Kevin McKinney, a Cheyenne native and Wyoming graduate, is the senior associate athletic director at Wyoming. He's also the longtime color analyst for Cowboy radio broadcasts. McKinney, who was on the school's sports information staff in 1969, said the Black 14 incident had a long-lasting influence that went far beyond football.
"It had an incredible impact on the football program and it had an incredible impact on those kids (who were kicked off the team)," McKinney said. "They had a terrible time going to school anywhere. It was a tragic thing, really. It impacted a program, but it impacted a lot of young men, too. That was the sad thing. The wins and losses were the shallow part of it. The real crux of it was the impact it had on those kids and their teammates."
Like many Wyoming fans, McKinney had a difficult time coming to terms with the incident.
"I live and die Wyoming. I was born there, I was raised there, I went to school there," he said. "It's hard for me. It was amazingly bitter because Wyoming football was everything to the fans and the students."
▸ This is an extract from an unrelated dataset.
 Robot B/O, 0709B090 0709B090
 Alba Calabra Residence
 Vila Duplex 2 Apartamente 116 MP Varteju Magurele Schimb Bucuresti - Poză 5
It wasn't until years after the incident that McKinney met up with one of those Black 14 players and they talked about what happened in 1969 and its aftermath.
"He told me how he couldn't go to college anywhere because nobody would take him," McKinney said. "I got a real perspective on what courage it took to stand up for what he believed in. Those kids loved the game. They gave that all up. So I kind of changed my mind about it."
Just this week, a symposium was held on the Wyoming campus about the Black 14 incident. McKinney was among those on the panel. The auditorium was packed with students eager to learn about that painful time in the school's history.
"People need to know about it," McKinney said. "It was 40 years ago. That's a long time. But I was amazed at the turnout at this (symposium). It was very interesting to be part of that. I didn't know that, 40 years later, we'd still be talking about it. But it was as big as anything."